The company voluntary arrangement (CVA) – voted through by 97 per cent of creditors and 96 per cent of landlords – allows Traveldoge to offload 49 of its 500 hotels and pay 55 per cent less rent until they are sold.
Landlords at a further 109 hotels have agreed to cut rents by 25 per cent for three years before they revert to a market-based rent.
KPMG, which arranged the CVA, said creditors will receive a return of 23.4p in the £1, versus the 0.2p in the £1 if the business had been forced into administration.
The group’s main lenders – US hedge funds GoldenTree Asset Management and Avenue Capital Group plus Goldman Sachs – have agreed to write off £709m in debt as a result of the deal.
They have also pledged to invest £75m, of which £55m will be spent on refurbishing some 175 hotels.
The chain, which posted a 20 per cent profit rise last year, has had no problem attracting customers but its £1bn debts brought it to its knees.
Its trio of lenders recently seized control of the hotelier via a debt-for-equity swap with its previous owners Dubai International Capital, who paid £675m for Travelodge in 2006 in a highly leveraged deal.
The company is the latest in a string of household names to seek a CVA including Fitness First and JJB Sports.

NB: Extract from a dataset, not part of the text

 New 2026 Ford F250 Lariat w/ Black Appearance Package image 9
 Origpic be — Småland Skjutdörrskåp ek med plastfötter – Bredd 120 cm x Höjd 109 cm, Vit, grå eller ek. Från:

Liz Peace, chief executive of the British Property Federation said yesterday’s deal will save around 6,000 jobs but warned of the wider impacts on the property sector: “If landlords now have to accept that a ‘contract’ entered into in good faith by both parties can simply be renegotiated when one side no longer likes the terms, it throws into doubt the whole basis on which a commercial property investment is appraised and financed.”